I think that would work regarding the equal suffrage requirement in Art. V. Or, we can just do what was done when various constitutional amendments needed unanimous support -- call the rule irrational and propose a Constitution that needed only a supermajority. I also support Mr. W's overall support for democracy, but realize there will be various compromises. So, if we take James Madison's support for a popularly apportioned Senate and insert it into our system, there won't be perfectly equal representation.

The Senate could still serve various purposes -- a second somewhat different group being represented, a smaller body with somewhat different rules and mores, a means of checking the other house in general, one with certain specific responsibilities (like advise and consent) that the other does not have.
 

Mr. W: Both are systems that violate the basic democratic norm of majority rule.

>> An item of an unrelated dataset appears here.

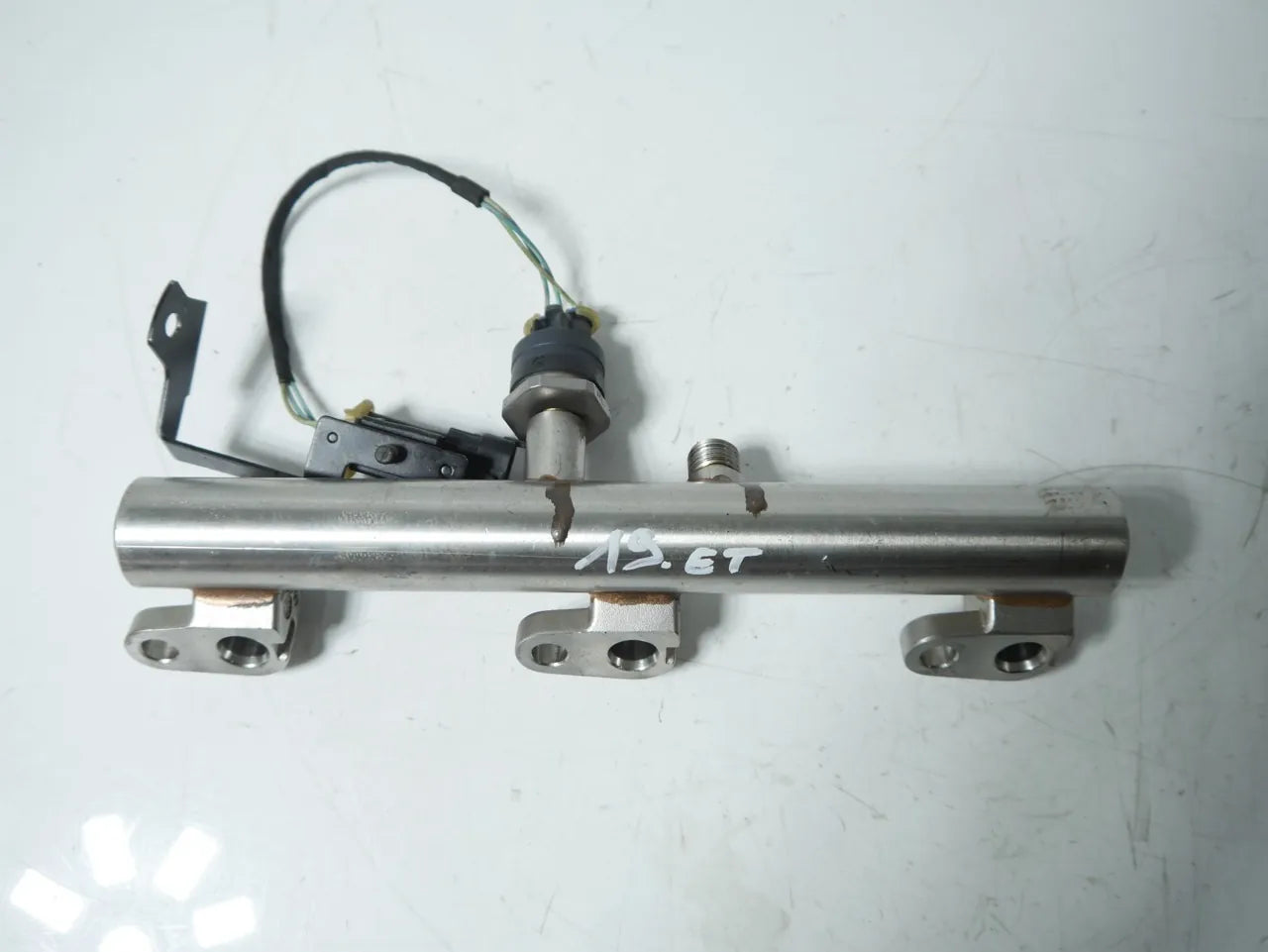 Riel inyector Alfa Romeo Giulia 952 2.9 670050436 00670050573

The Constitution designed our small "r" republican (not small "d" democratic) government for consensus supermajority (not minority) rule. Popular majorities generally rule the House, geographical majorities representing non-urban areas the Senate, and changing national majorities of both the presidency. In order to get anything done, all three elected bodies need to agree.

Again, here's all the proof one needs, people like Brett think in terms of places, not people mattering.

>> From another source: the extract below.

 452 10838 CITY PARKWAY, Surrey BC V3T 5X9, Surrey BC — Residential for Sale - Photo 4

Our system seeks to represent ALL the people - urban, suburban and rural; east, west, north and south - and all the myriad interests included in our sprawling continental nation. Neither large cities or rural areas alone can rule.

The system you and Sandy seek would have a handful of blue cities impose their interests over the rest of the nation. This is exactly the recipe for the secession and civil wars which have ripped apart other great nations and empires over the millennia.
 

The system you and Sandy seek would have a handful of blue cities impose their interests over the rest of the nation. This is exactly the recipe for the secession and civil wars which have ripped apart other great nations and empires over the millennia.
# posted by Blogger Bart DePalma : 9:58 PM


Yeah, democracy is a real bitch, isn't it? Here's the thing, you fuckwit, the system that you want has the minority imposing their interests on the majority. I'm pretty sure that situation has caused far more wars than the majority imposing their interests on the minorities.
 

"Yeah, democracy is a real bitch, isn't it?"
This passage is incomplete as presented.